D’après le Parisien, « en août 2023 les parents d’une adolescente de 13 ans » portent plainte après avoir découvert « le contenu ambigu des échanges entre leur fille et le père P, proche de la famille. Les investigations vont permettre de recueillir d’autres témoignages incriminants. Les accusations les plus graves sont portées par deux membres de sa famille, pour des fait qui se seraient produits au printemps 2016 alors qu’elles étaient âgées de 12 et 15 ans ». Les faits se sont produits au presbytère de sa paroisse et dans une maison de famille. Le père P « a adressé un message aux deux soeurs » en 2024 « dans lequel il fait part de sa souffrance et implore le pardon« . Au cours de sa garde à vue il a reconnu des agressions sexuelles mais nié les viols.

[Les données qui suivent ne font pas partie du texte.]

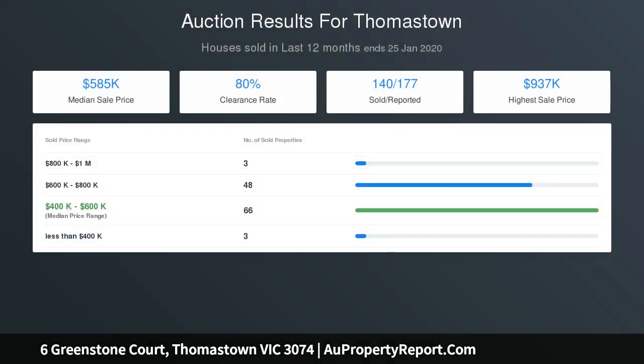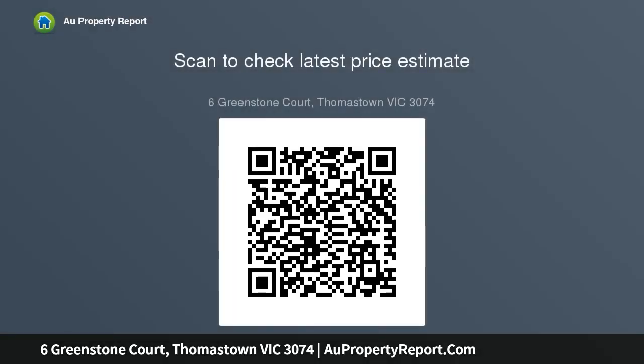Close to Thomastown train station, library, and only a very short drive to Costco and the M80 Ring Road entrance. Homes like this aren't for sale long, so inspect as soon as possible.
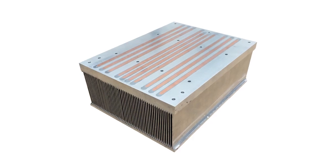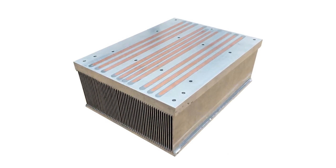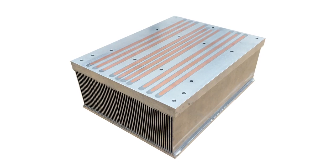Mersen embedded heat pipe heat sinks provide a fast expansion of heat throughout the surface of the base of the heat sink, providing a very fast and effective cooling. For more information on Mersen cooling solutions, please visit ep.mersen.com. Thank you for watching another episode of Mersen Minute.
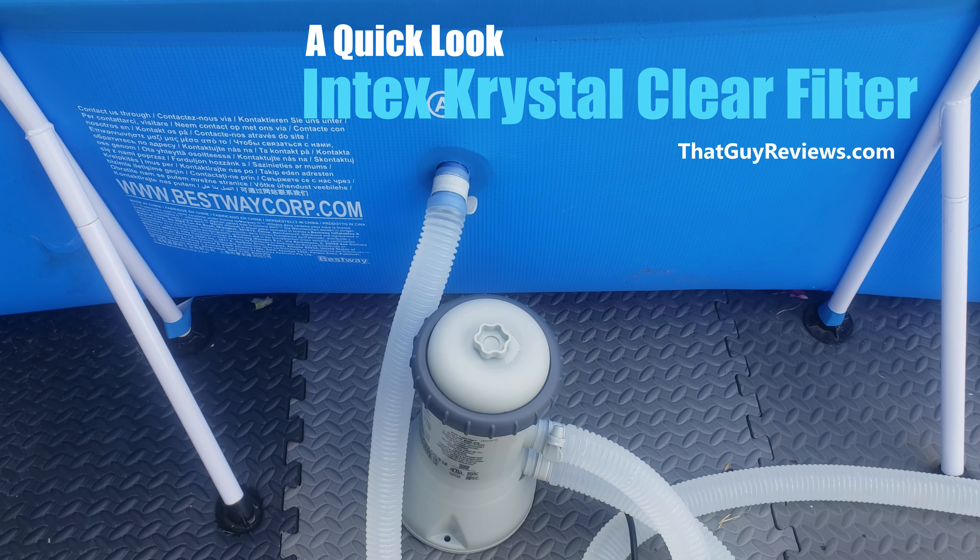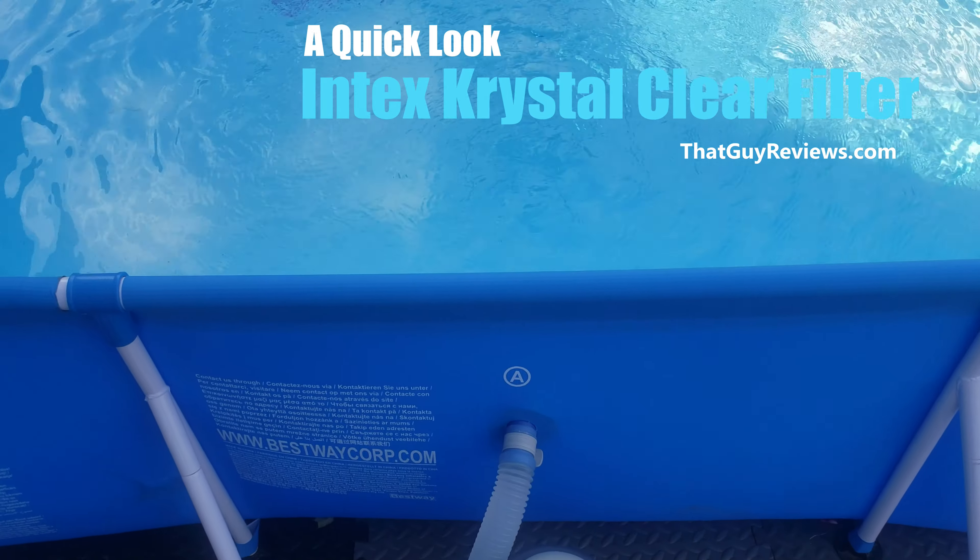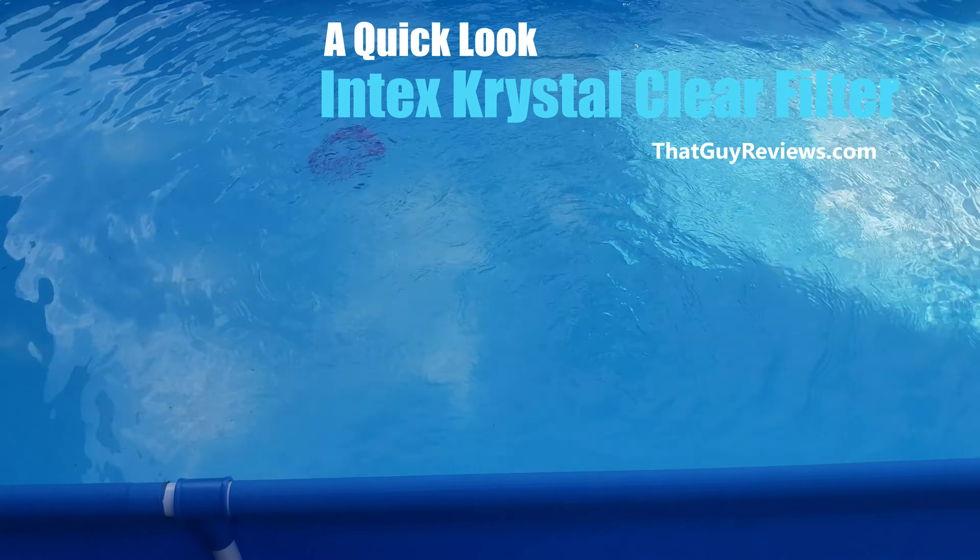As a glimpse of how the Intex crystal clear filter is pushing out the water in this pool here, it's doing an excellent job.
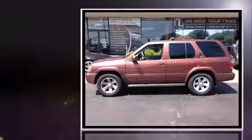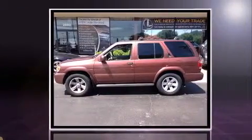Come test drive this 2003 Nissan Pathfinder. Under the hood you'll find a six-cylinder engine with more than 230 horsepower, providing a spirited yet composed ride and drive.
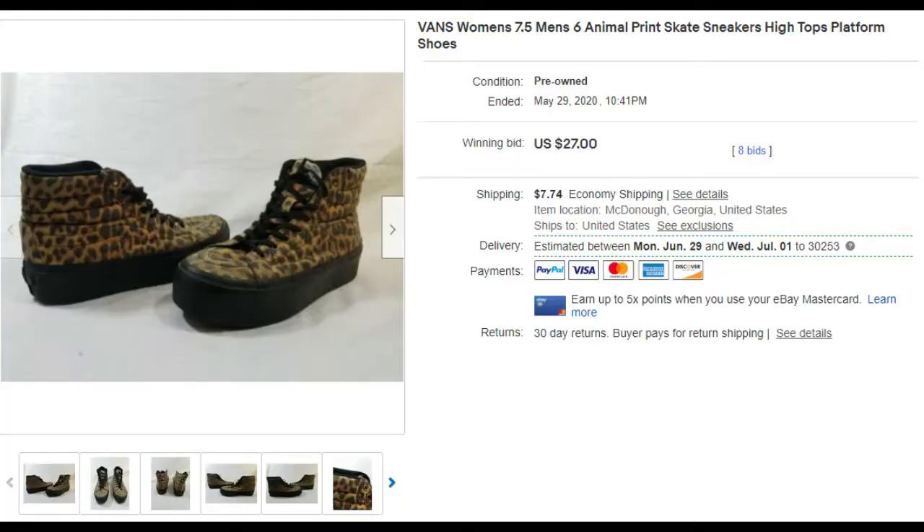The first thing on my list for what's sold over the past two months are these Vans — women's 7.5, women's six, men's Vans, cheetah print. They were listed first for five bucks and sold for five bucks with the buyer paying shipping, but the buyer never paid, so we relisted them and they sold again for a pretty good price.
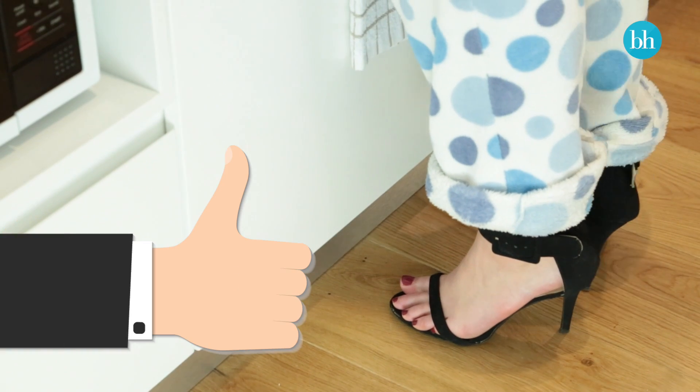Don't make the mistake of buying new shoes and then not wearing them until race day. Walk around in them as much as possible the week before to avoid any blisters and foot pain.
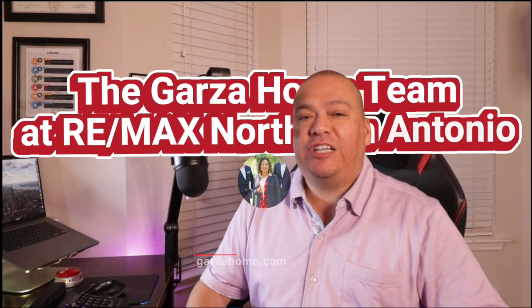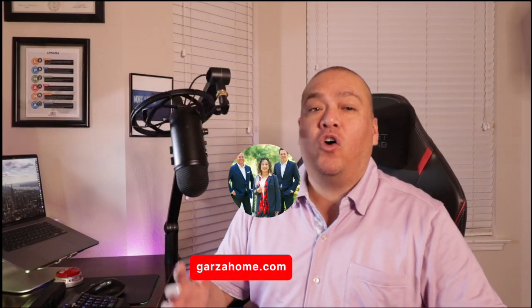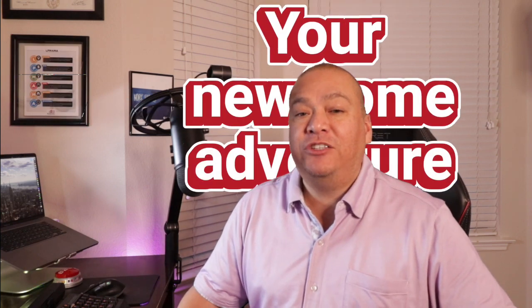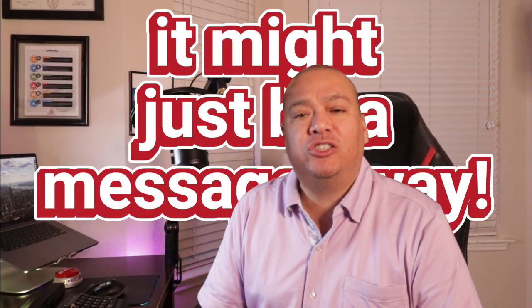The Garza Home Team at Remax North San Antonio is here to make your home buying journey smooth and fun. Reach out to us today and let's find your dream home in those amazing neighborhoods. Your new home adventure just might be a message away.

Des questions déplacées aux élèves d’un collège privé à Puteaux
Par ailleurs l’enquête a récolté des témoignages d’anciennes élèves du collège Bienheureux Charles de Foucauld de Puteaux où l’abbé Pincé était aumônier. « Une ex-collégienne décrit un homme très tactile et intrusif, n’hésitant pas à poser des questions sur la vie sentimentale de es jeunes ouailles« . Le religieux, au cours d’une confession, « aurait posé les mains sur les cuisses avant de lui poser des questions très intimes sur sa sexualité » à une élève.